• _Dataset records_
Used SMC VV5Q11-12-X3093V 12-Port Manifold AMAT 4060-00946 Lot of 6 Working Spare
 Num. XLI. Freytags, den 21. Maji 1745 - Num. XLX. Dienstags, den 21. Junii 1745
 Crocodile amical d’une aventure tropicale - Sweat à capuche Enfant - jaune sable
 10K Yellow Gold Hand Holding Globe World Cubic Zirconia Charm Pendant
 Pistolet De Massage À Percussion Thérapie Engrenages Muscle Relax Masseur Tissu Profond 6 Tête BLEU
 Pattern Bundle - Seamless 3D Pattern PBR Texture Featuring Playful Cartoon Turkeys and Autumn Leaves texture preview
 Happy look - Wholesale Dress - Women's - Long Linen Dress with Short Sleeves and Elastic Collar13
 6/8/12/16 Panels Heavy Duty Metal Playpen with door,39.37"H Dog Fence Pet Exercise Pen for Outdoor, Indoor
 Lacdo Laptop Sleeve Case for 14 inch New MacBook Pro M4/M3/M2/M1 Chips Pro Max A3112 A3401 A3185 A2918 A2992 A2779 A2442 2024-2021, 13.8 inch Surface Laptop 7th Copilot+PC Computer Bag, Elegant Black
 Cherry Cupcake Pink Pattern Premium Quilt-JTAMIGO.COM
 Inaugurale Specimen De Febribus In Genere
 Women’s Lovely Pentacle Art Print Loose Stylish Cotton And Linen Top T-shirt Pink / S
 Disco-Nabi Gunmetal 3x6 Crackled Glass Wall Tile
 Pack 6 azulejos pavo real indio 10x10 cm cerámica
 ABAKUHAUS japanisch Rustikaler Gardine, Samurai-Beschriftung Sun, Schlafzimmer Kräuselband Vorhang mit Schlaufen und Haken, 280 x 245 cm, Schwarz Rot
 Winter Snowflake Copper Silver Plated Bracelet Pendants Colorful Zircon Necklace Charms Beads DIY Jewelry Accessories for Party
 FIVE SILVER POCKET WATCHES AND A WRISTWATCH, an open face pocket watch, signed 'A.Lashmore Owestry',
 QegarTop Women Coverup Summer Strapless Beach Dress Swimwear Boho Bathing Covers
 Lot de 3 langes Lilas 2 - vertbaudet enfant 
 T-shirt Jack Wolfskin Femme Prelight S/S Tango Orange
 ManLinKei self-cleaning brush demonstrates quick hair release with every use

• _Task to complete_
Copy every line of the listing above exactly.

• _Response for this exercise_
Used SMC VV5Q11-12-X3093V 12-Port Manifold AMAT 4060-00946 Lot of 6 Working Spare
 Num. XLI. Freytags, den 21. Maji 1745 - Num. XLX. Dienstags, den 21. Junii 1745
 Crocodile amical d’une aventure tropicale - Sweat à capuche Enfant - jaune sable
 10K Yellow Gold Hand Holding Globe World Cubic Zirconia Charm Pendant
 Pistolet De Massage À Percussion Thérapie Engrenages Muscle Relax Masseur Tissu Profond 6 Tête BLEU
 Pattern Bundle - Seamless 3D Pattern PBR Texture Featuring Playful Cartoon Turkeys and Autumn Leaves texture preview
 Happy look - Wholesale Dress - Women's - Long Linen Dress with Short Sleeves and Elastic Collar13
 6/8/12/16 Panels Heavy Duty Metal Playpen with door,39.37"H Dog Fence Pet Exercise Pen for Outdoor, Indoor
 Lacdo Laptop Sleeve Case for 14 inch New MacBook Pro M4/M3/M2/M1 Chips Pro Max A3112 A3401 A3185 A2918 A2992 A2779 A2442 2024-2021, 13.8 inch Surface Laptop 7th Copilot+PC Computer Bag, Elegant Black
 Cherry Cupcake Pink Pattern Premium Quilt-JTAMIGO.COM
 Inaugurale Specimen De Febribus In Genere
 Women’s Lovely Pentacle Art Print Loose Stylish Cotton And Linen Top T-shirt Pink / S
 Disco-Nabi Gunmetal 3x6 Crackled Glass Wall Tile
 Pack 6 azulejos pavo real indio 10x10 cm cerámica
 ABAKUHAUS japanisch Rustikaler Gardine, Samurai-Beschriftung Sun, Schlafzimmer Kräuselband Vorhang mit Schlaufen und Haken, 280 x 245 cm, Schwarz Rot
 Winter Snowflake Copper Silver Plated Bracelet Pendants Colorful Zircon Necklace Charms Beads DIY Jewelry Accessories for Party
 FIVE SILVER POCKET WATCHES AND A WRISTWATCH, an open face pocket watch, signed 'A.Lashmore Owestry',
 QegarTop Women Coverup Summer Strapless Beach Dress Swimwear Boho Bathing Covers
 Lot de 3 langes Lilas 2 - vertbaudet enfant 
 T-shirt Jack Wolfskin Femme Prelight S/S Tango Orange
 ManLinKei self-cleaning brush demonstrates quick hair release with every use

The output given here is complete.